The calculation for the fee was a fee which no more and no less reflected the daily rate in the fuel agreements within a discrete period that was something much less than the 'fire season' on my interpretation of that expression (Schedule 1). The 'loss' to which the provision is directed reflected the commercial object premised on the expectation that Techfuel would suffer financial loss for a period if CAA terminated at will within a period fairly proximate to the start of the fire season. It would have to find an alternative purchaser, or purchasers. How long it might take to find an alternative purchaser (if at all) at a point fairly proximate to the beginning of the next fire season was inherently uncertain. The number of competitors to CAA, as a potential alternative source of business to Techfuel, was not identified. Insofar as the way the fee was calculated, CAA did not complain about the daily rate and it did not complain about the number of days by which that rate was multiplied.

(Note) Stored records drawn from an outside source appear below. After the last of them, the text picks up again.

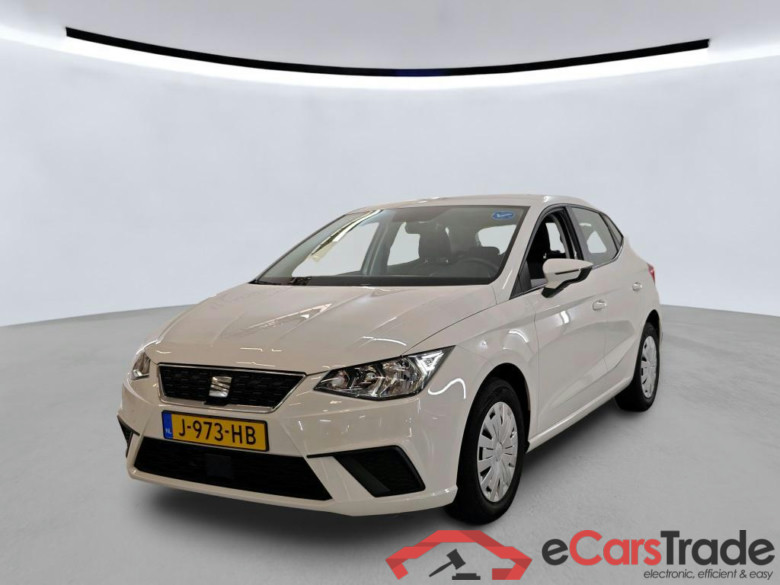 SEAT Ibiza 70 kW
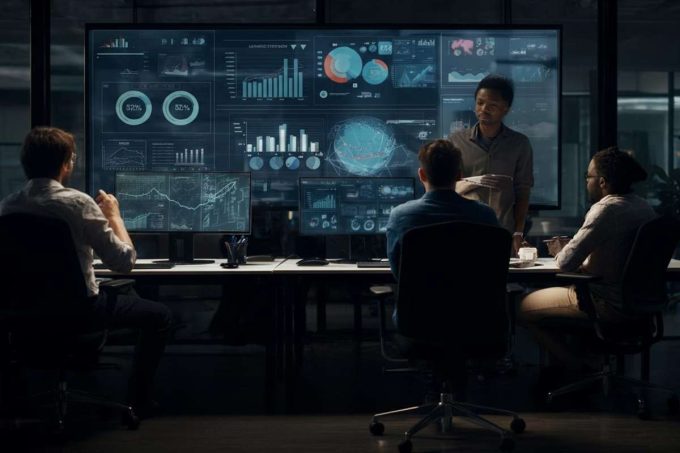 Mfe: Berlusconi celebra il decimo semestre di crescita consecutiva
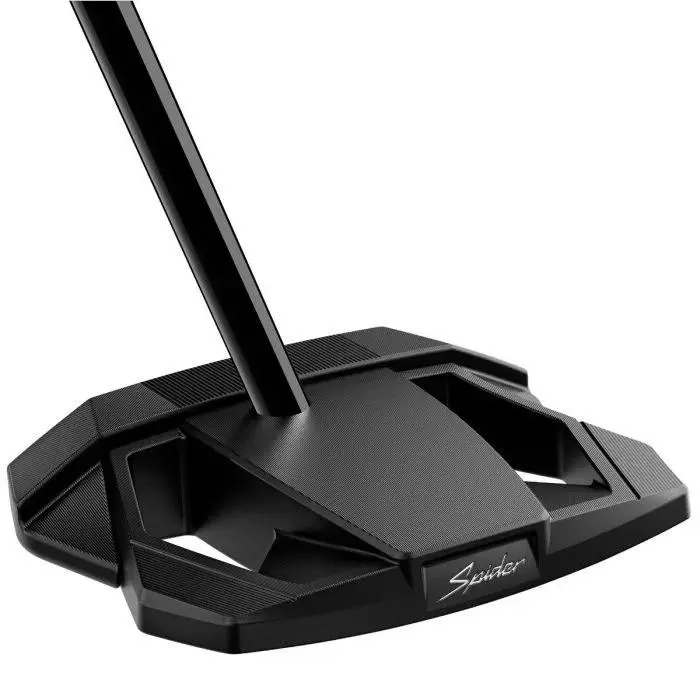 TaylorMade  - SPIDER ZT BLACK CB - SPIDER BLACK - Black, Lie Angle: Black 1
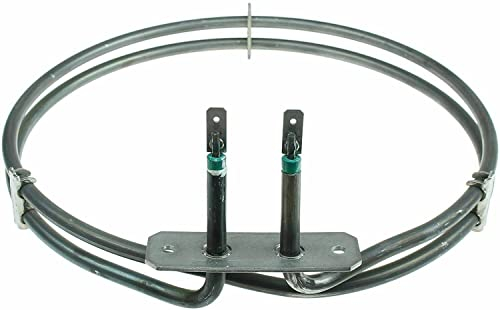 Fan Oven Heating Element For Zanussi ZOD35561WK ZOD35561XK Electric Cooker 3871425124
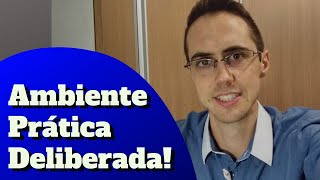 41-Crie Ambiente Propício Para Fazer Muita Pratica Deliberada | RAFAEL JANTSCH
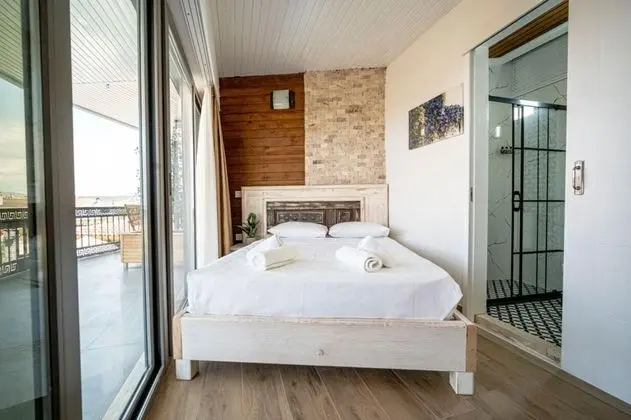 Ekonomik Oda, Kısmi Deniz Manzaralı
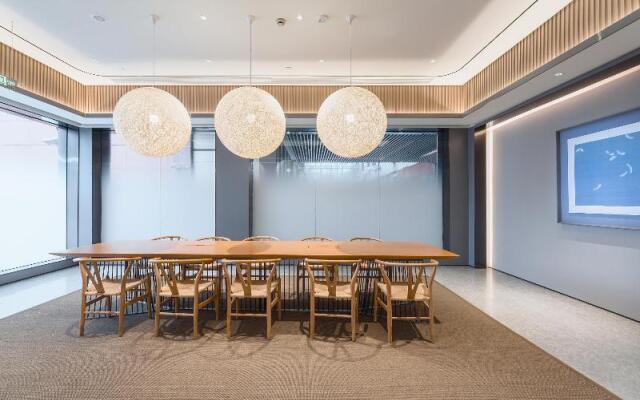 Ji Hotel Shanghai University Hutai Road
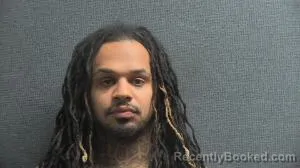 Mugshot of CHRISTOPHER KEITH RUDOLPH booked in Boone County, Kentucky on March 24, 2026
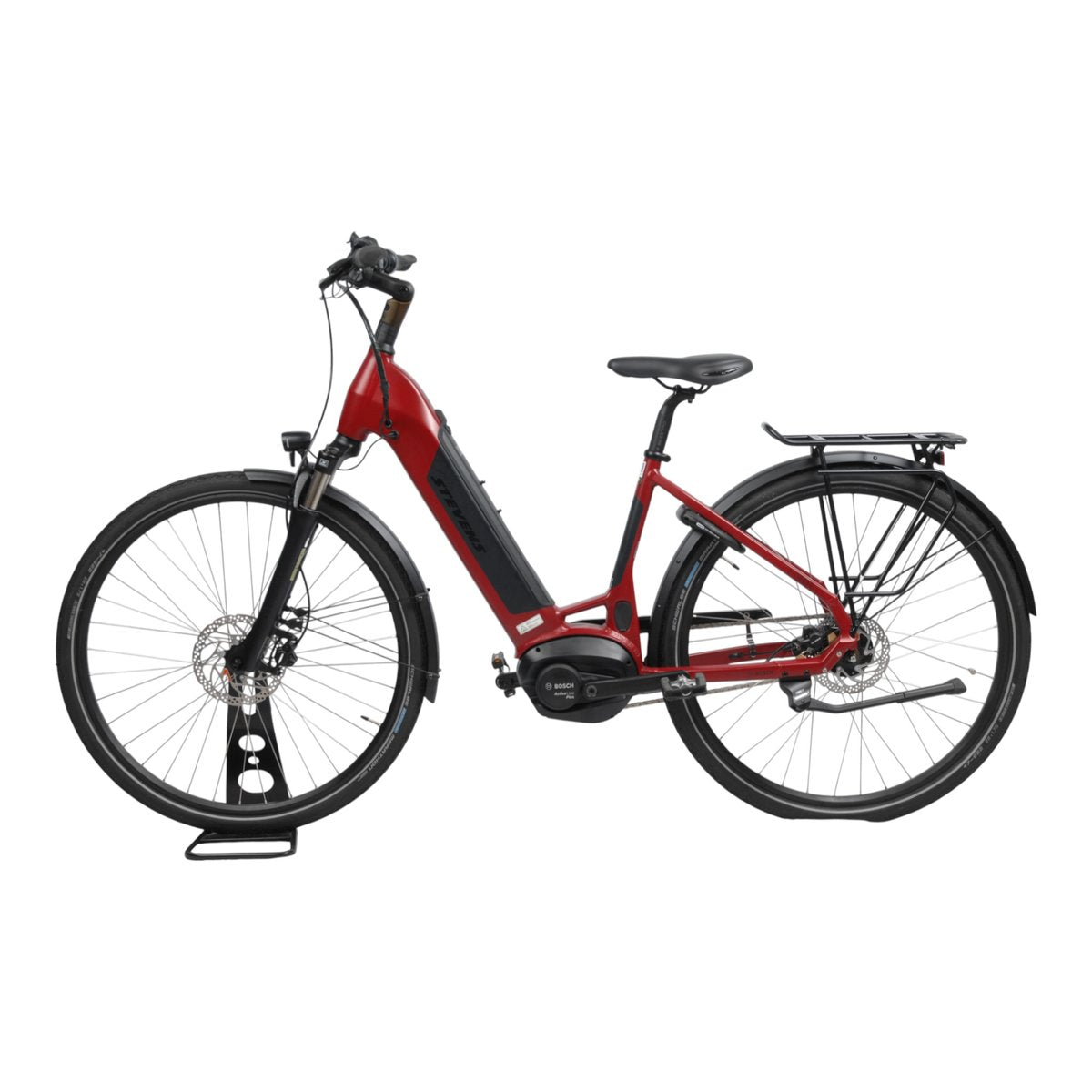 Stevens E-Courier PT5 – käytetty sähköpyörä, koko 46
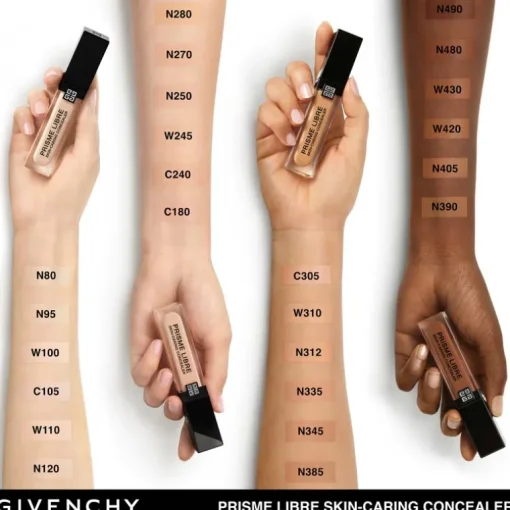 Prisme Libre Skin-Caring Concealer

This was unsurprising in light of the provenance of the impugned provision. The pre-contractual correspondence, which CAA did not dispute was available to be used as an aid when considering this doctrine, also tells against the notion that deployment of the daily fee is 'unconscionable'. On 26 October 2021, Mr Bruner, for CAA, sent an email to Mr Bower in which he set out CAA's proposed termination for convenience clause. This contained cl 6.2 in terms that corresponded with the final version of cl 6.2 "as requested" by CAA. Mr Bruner was not called by CAA as a witness in relation to the provenance of the clause. However, Mr Bower's unchallenged evidence (13/5/24, paragraph 24) was that he did not have any input into the content of clause 6.2, which he surmised was prepared by Mr Bruner and which amendment he accepted. That correspondence indicates that CAA was responsible for the insertion of the last sentence in cl 6.2. CAA's Counsel did not dispute that proposition (T162.26). It is curious that a clause initially proposed by a 'contract specialist' at the behest of a very significant corporate group, conferring a right upon it, at the price of a fee bargained for, could be impugned as being 'unconscionable'. [18]
As Keane J observed in Paciocco (at [284]) the agreed calculation of the fee was intended (albeit unsuccessfully in this case) to avoid the uncertainty and expense of litigation involved in establishing the quantum of any damages for any breach. His Honour also emphasised that within the confines of statutory intervention, the doctrine of freedom of contract is important (at [220]).
The fee bargained for in the last sentence of cl 6.2 has not been shown to be out of all proportion to Techfuel's interests. I am not persuaded that the last sentence of cl 6.2 is a penalty and therefore unenforceable.
[22]
Quantum of claim for fee under the last sentence of cl 6.2
CAA does not dispute that the working out of that clause results in an entitlement in Techfuel, in relation to the two fee agreements, to the fees in the liquidated sum of $277,200.
[23]
The dubious utility of resolving the issues
In light of my resolution of the first, second, third and fourth issues, and the quantum of the fee under cl 6.2 the case has been determined favourably to Techfuel.
The remaining issues in the case are all predicated upon Techfuel's alternative case, being that on 5 August 2023, CAA only 'repudiated' the fuel agreements that Techfuel itself terminated them by accepting that repudiation; and that it was entitled in law, to damages. Such claim for damages would have the advantage of outflanking the contention that the last sentence in cl 6.2 was a penalty.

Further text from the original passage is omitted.